CB-705: N+1 Query Pattern
Detects SQL query execution inside loop bodies. Executing a query per iteration causes O(n) database round trips instead of a single batch query:
# ❌ N+1 pattern — one query per iteration (CB-705 Info):
users = db.execute("SELECT id FROM users WHERE active = true")
for user in users:
orders = db.execute(f"SELECT * FROM orders WHERE user_id = {user.id}")
process(orders)
# ✅ Batch query:
results = db.execute("""
SELECT u.id, o.*
FROM users u
JOIN orders o ON u.id = o.user_id
WHERE u.active = true
""")
for user_id, orders in group_by(results, key=lambda r: r.id):
process(orders)
// ❌ N+1 pattern in JavaScript (CB-705 Info):
const users = await db.query("SELECT id FROM users");
for (const user of users) {
const orders = await db.query(`SELECT * FROM orders WHERE user_id = ${user.id}`);
handle(orders);
}
// ✅ Single query with JOIN:
const results = await db.query(`
SELECT u.id AS user_id, o.*
FROM users u
JOIN orders o ON u.id = o.user_id
`);
The detector identifies loop constructs (for, while, foreach, .map, .forEach, .each) whose body contains a function call with a SQL string argument.
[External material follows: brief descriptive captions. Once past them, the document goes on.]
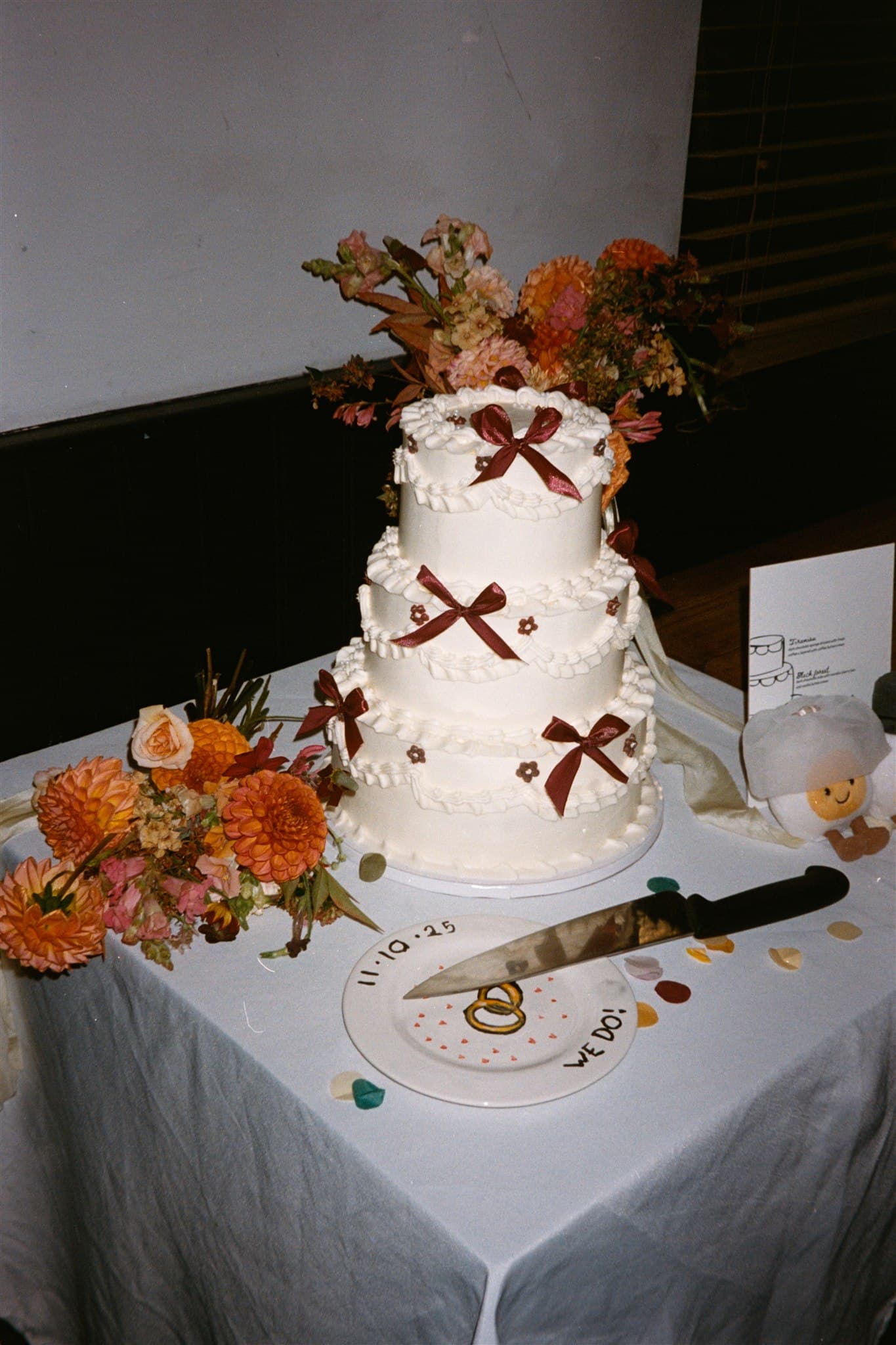 Katie-and-peter-bristol-registry-office-the-glouscester-old-spot—the-galleries—modern-wedding-photographer-film-analog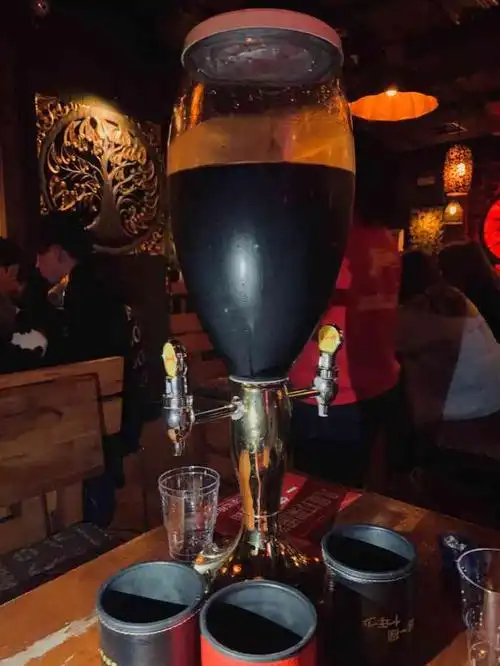 helens海伦司(体育场路店)-"前一秒【吹牛】玩得旋转跳跃我闭着眼后一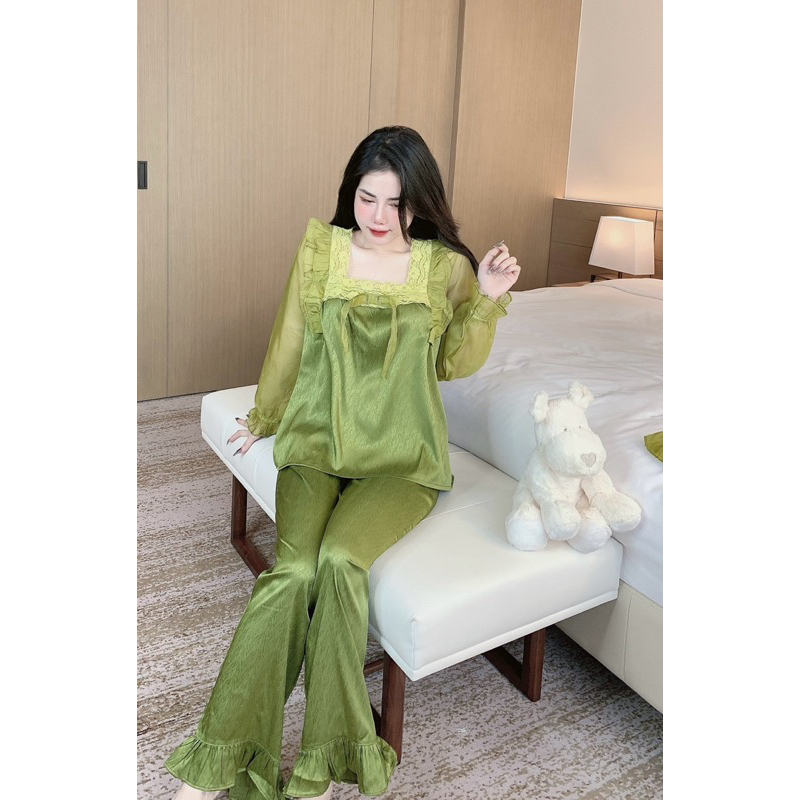 ĐỒ BỘ TIỂU THƯ NHẸ NHÀNG CỒ VUÔNG VÀ CỔ TIM BÈO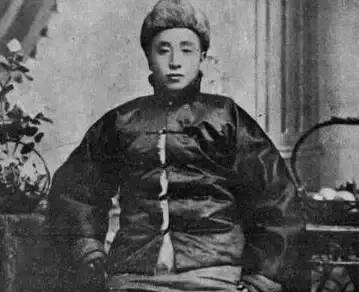 团战🔥情绪波动 游戏氛围变坏 玩家喊话团长爹别踢我引热议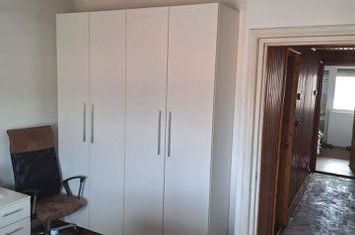 Apartament cu 4 camere de vanzare pe Bld Magheru din Oradea anunturi imobiliare Bihor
Both raw SQL strings and ORM-style query builder calls are detected.
Test Code Exclusion
All CB-700 checks exclude test code using two mechanisms:
- Test file exclusion: Files under
test/,tests/,spec/directories, or matching*_test.*,test_*.*patterns - Migration awareness: CB-700 (SELECT *) applies to migration files, but CB-701 (missing WHERE) treats
DELETE FROM <table>;in migration or seed files as intentional truncation and reduces severity to Info
Remediation Priority
When pmat comply check reports CB-700 violations, fix them in this priority order:
- CB-701 Errors (missing WHERE) — highest data-loss risk
- CB-704 — SQL injection enables unauthorized data access and destruction
- CB-702 — implicit joins silently produce Cartesian products
- CB-703 — unqualified columns cause ambiguous query failures on schema change
- CB-700 — SELECT * breaks consumers and transfers excess data
- CB-705 — N+1 queries degrade performance under load
CI/CD Integration
# .github/workflows/sql-best-practices.yml
name: SQL Best Practices
on: [push, pull_request]
jobs:
check:
runs-on: ubuntu-latest
steps:
- uses: actions/checkout@v4
- name: Install PMAT
run: cargo install pmat
- name: Check SQL Best Practices
run: |
OUTPUT=$(pmat comply check 2>&1)
echo "$OUTPUT"
# Fail on Error-severity violations
if echo "$OUTPUT" | grep -q "CB-700.*errors: [1-9]"; then
echo "::error::CB-700 series has Error-severity violations"
exit 1
fi
Testing
# Run CB-700 compliance tests
cargo test --lib -- sql_best_practices
# Run a specific check test
cargo test --lib -- cb700_select_star
cargo test --lib -- cb701_missing_where
cargo test --lib -- cb702_implicit_join
cargo test --lib -- cb703_unqualified_column
cargo test --lib -- cb704_sql_injection
cargo test --lib -- cb705_n_plus_one
Academic Foundations
The CB-700 checks are grounded in empirical research on SQL defect patterns:
| Paper | Finding | Applied To |
|---|---|---|
| Brass & Goldberg (2006). “Semantic Errors in SQL Queries: A Quite Complete List” | Cartesian products from implicit joins are the most common semantic error | CB-702 |
| Halfond et al. (2006). “A Classification of SQL Injection Attacks and Countermeasures” | String concatenation is the primary injection vector | CB-704 |
| Chen et al. (2014). “Detecting and Fixing the N+1 Query Problem in Database-Backed Web Applications” | N+1 queries cause 25-90% of performance issues in ORM-based applications | CB-705 |
| Qiu et al. (2021). “Detecting SQL Anti-Patterns in Data-Intensive Systems” | SELECT * and missing WHERE account for 34% of SQL anti-patterns in production | CB-700, CB-701 |
Specification Reference
Full detection logic: src/cli/handlers/comply_cb_detect/sql_best_practices.rs
Aggregate check: src/cli/handlers/comply_handlers/check_handlers.rs (check_sql_best_practices)